▶ [Task material]:
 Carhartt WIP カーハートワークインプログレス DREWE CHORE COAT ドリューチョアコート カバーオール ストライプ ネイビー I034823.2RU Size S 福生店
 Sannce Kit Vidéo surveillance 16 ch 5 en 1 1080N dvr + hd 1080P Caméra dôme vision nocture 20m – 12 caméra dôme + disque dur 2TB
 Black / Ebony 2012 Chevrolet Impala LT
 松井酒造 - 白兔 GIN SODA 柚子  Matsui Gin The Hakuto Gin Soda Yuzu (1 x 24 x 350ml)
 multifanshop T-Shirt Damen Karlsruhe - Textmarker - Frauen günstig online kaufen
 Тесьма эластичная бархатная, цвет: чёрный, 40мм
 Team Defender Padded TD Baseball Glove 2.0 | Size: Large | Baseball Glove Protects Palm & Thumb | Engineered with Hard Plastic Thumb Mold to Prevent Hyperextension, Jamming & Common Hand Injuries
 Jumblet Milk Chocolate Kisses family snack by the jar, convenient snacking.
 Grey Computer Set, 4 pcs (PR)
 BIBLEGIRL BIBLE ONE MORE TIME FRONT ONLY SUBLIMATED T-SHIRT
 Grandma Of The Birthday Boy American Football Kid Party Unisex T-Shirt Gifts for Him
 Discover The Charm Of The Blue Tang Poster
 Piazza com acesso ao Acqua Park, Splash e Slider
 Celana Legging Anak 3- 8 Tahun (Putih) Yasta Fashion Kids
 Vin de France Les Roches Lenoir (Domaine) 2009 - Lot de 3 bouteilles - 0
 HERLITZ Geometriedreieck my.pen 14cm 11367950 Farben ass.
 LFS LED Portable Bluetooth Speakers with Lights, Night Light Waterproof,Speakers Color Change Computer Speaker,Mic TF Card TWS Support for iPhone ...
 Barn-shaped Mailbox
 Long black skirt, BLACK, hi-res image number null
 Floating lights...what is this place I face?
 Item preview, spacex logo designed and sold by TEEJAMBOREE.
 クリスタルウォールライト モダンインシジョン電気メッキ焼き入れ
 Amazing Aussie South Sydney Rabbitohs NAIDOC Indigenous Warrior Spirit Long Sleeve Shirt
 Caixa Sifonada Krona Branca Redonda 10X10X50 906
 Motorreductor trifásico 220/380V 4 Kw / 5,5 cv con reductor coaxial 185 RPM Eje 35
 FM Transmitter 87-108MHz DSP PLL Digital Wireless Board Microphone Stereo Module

▶ [Exercise requirements]: The answer must consist solely of the lines from the first line of the data to the line holding "Тесьма эластичная бархатная, цвет: чёрный, 40мм", each given again exactly.

▶ [Exercise answer]:
 Carhartt WIP カーハートワークインプログレス DREWE CHORE COAT ドリューチョアコート カバーオール ストライプ ネイビー I034823.2RU Size S 福生店
 Sannce Kit Vidéo surveillance 16 ch 5 en 1 1080N dvr + hd 1080P Caméra dôme vision nocture 20m – 12 caméra dôme + disque dur 2TB
 Black / Ebony 2012 Chevrolet Impala LT
 松井酒造 - 白兔 GIN SODA 柚子  Matsui Gin The Hakuto Gin Soda Yuzu (1 x 24 x 350ml)
 multifanshop T-Shirt Damen Karlsruhe - Textmarker - Frauen günstig online kaufen
 Тесьма эластичная бархатная, цвет: чёрный, 40мм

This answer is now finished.